Produktbeschreibungen

Aus der Amazon.de-Redaktion

Mit seiner Vorstellung eines gemeinsamen deutschen Nationalstaates beeinflußte er die deutsche Geschichte nachhaltiger als viele andere Politiker. Und obschon seine Amtszeit über hundert Jahre zurückliegt, ist Otto von Bismarck immer noch einer der bekanntesten deutschen Staatsmänner. Selbst wer sonst wenig an Geschichte interessiert ist, kennt seinen Namen.
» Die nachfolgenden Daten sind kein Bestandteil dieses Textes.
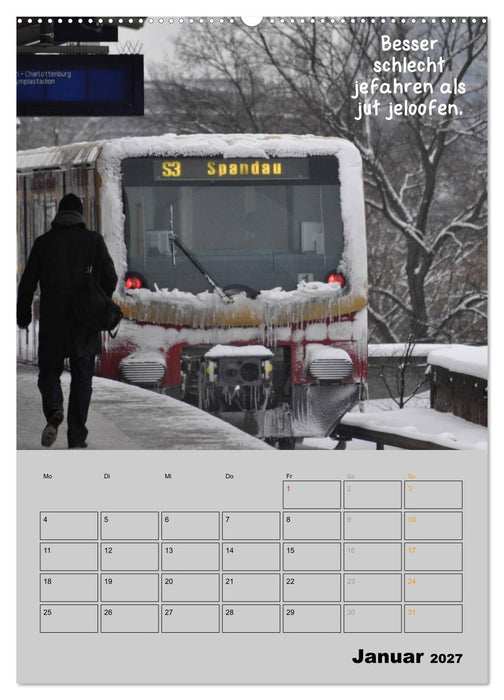 Berliner Straßenfoto Kalender 2027 (CALVENDO Premium Wandkalender 2027)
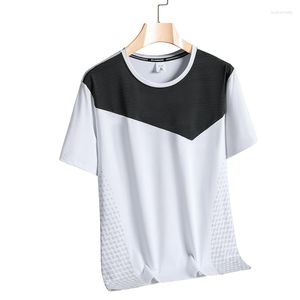 T-shirts pour hommes T-shirt de sport à séchage rapide 2023 à manches courtes d'été décontracté imprimé plus surdimensionné 3XL haut vêtements très extensibles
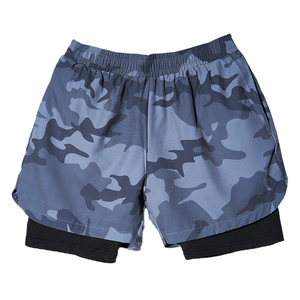 Mới Phòng Tập Thể Dục Thể Thao Chạy 2 Trong 1 Ngụy Trang Quần Short Với Bên Trong Nén Masculinos Tập Thể Dục Đấm Bốc Quần Short Pour Hommes - Product Image 6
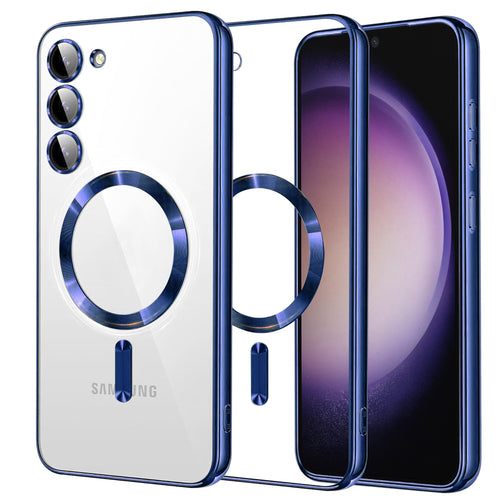 Husa pentru Samsung Galaxy S23, Techsuit Lux Crystal MagSafe, albastru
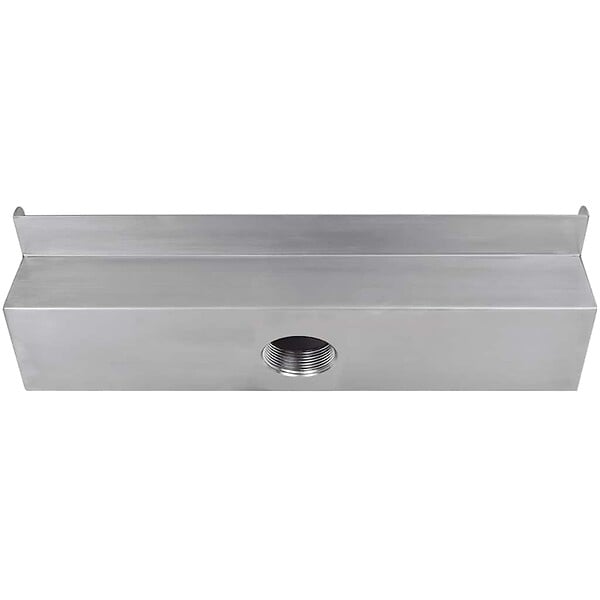 VIDAXL - vidaXL Lame d'eau rectangulaire 45 cm Acier inoxydable pour piscine - large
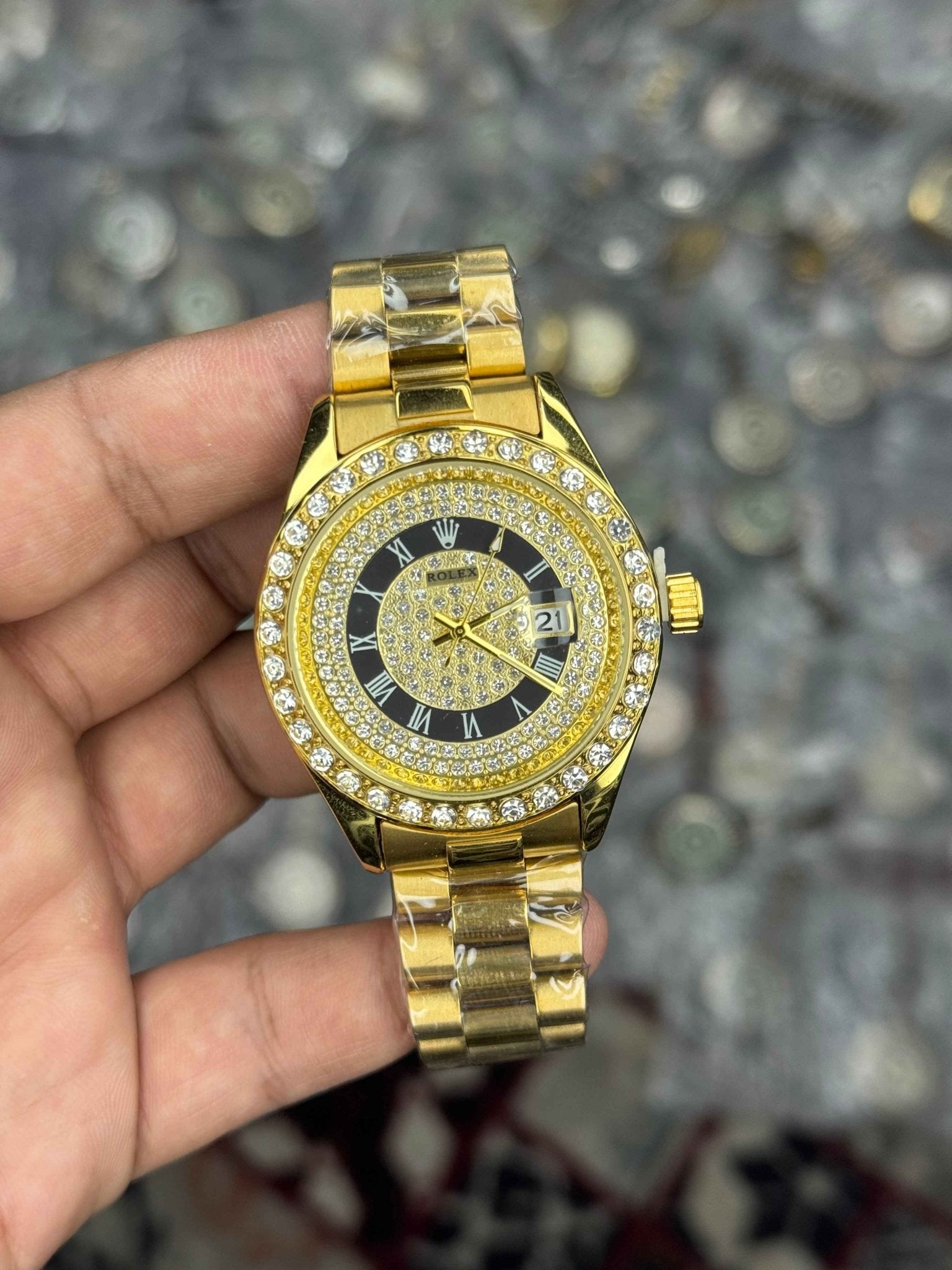 RLX Day - Date Full Diamond Dial – Luxury Edition - Sumalani Watch Center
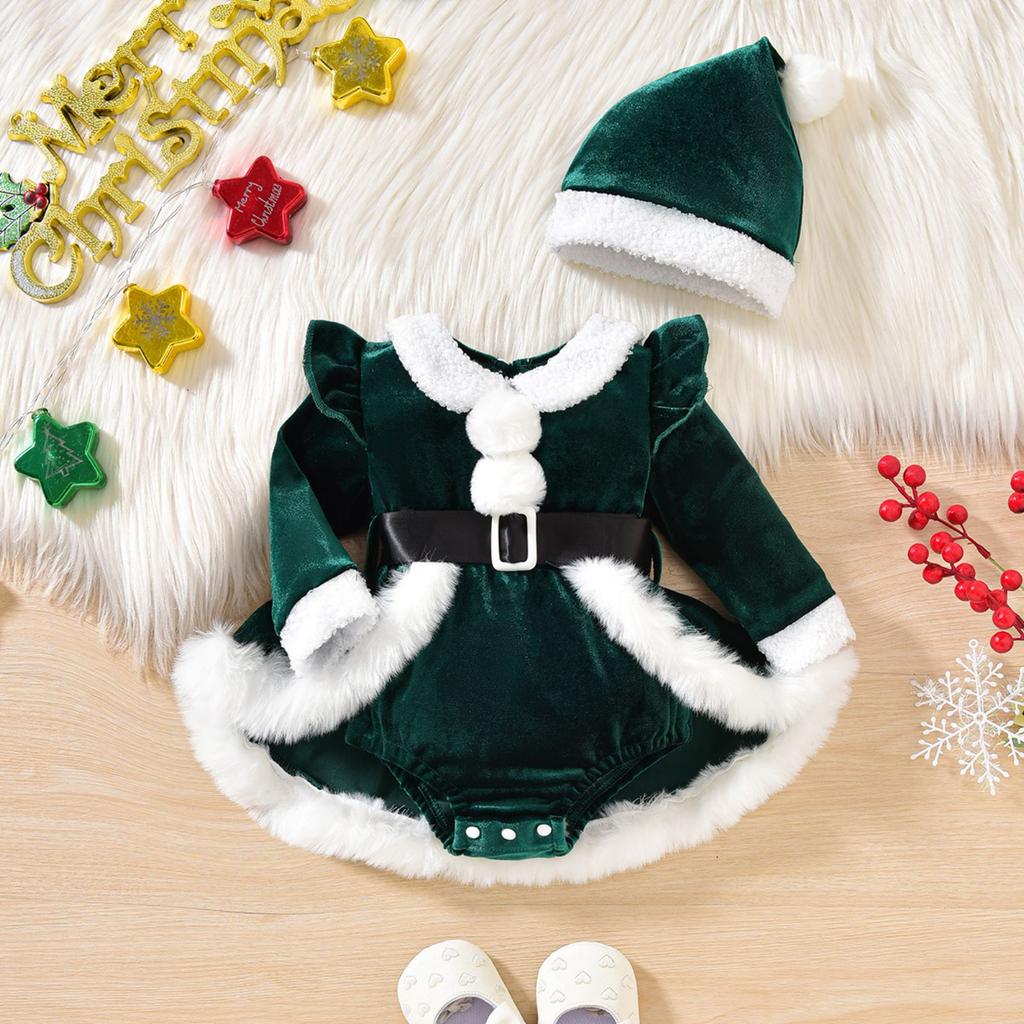 Christmas Party Romper Dress Costume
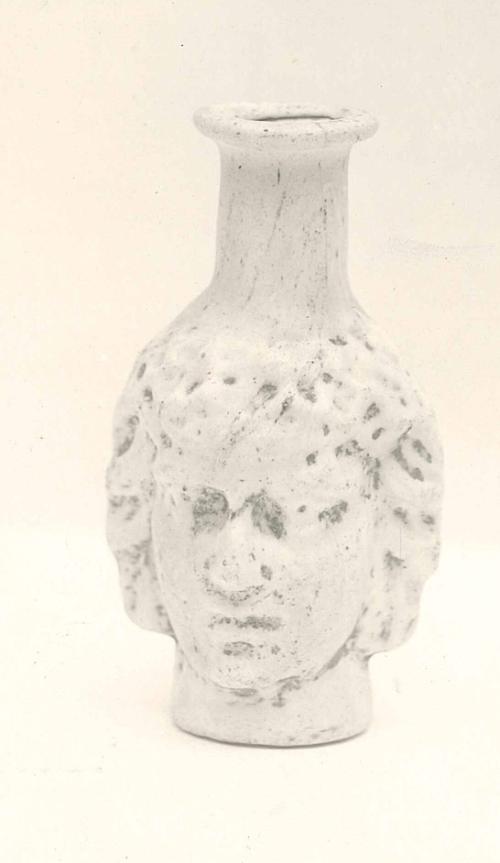 Double Head-shaped Bottle: One Serious Face, One Smiling Face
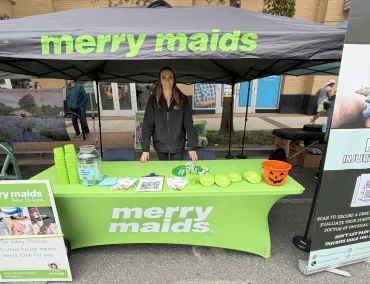 Clarendon Day Merry Maids Booth in Arlington VA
Bismarck verdient Respekt dafür, daß er als Kanzler Deutschland in einer unruhigen historischen Phase den Weg gewiesen hat.

Bismarcks spannendes Leben zwischen 1815 und 1898 kann man anhand dieser Biographie nachvollziehen. Man lernt ihn als ambivalenten Mann kennen, der einerseits von Beginn an Deutschland nur in einem europäischen Zusammenhang sah, andererseits jedoch ein überzeugter Anhänger der Monarchie war. Ein Demokrat war Bismarck nicht, für ihn diente die Demokratie nur der Absegnung autoritär getroffener Entscheidungen. So stand Bismarck der Revolution von 1848, die einen Staat "von unten" durch das Volk begründen wollte, sehr ablehnend gegenüber. Für ihn konnte die Reichsgründung nur "von oben" durch die Adligen geschehen. Auf der anderen Seite wiederum begründete er in den späten Jahren seiner Amtszeit mit Renten- und Krankenversicherung die Basis des bis heute hochgeachteten deutschen Sozialsystems, das allen Bürgern gleichermaßen zu Gute kommt.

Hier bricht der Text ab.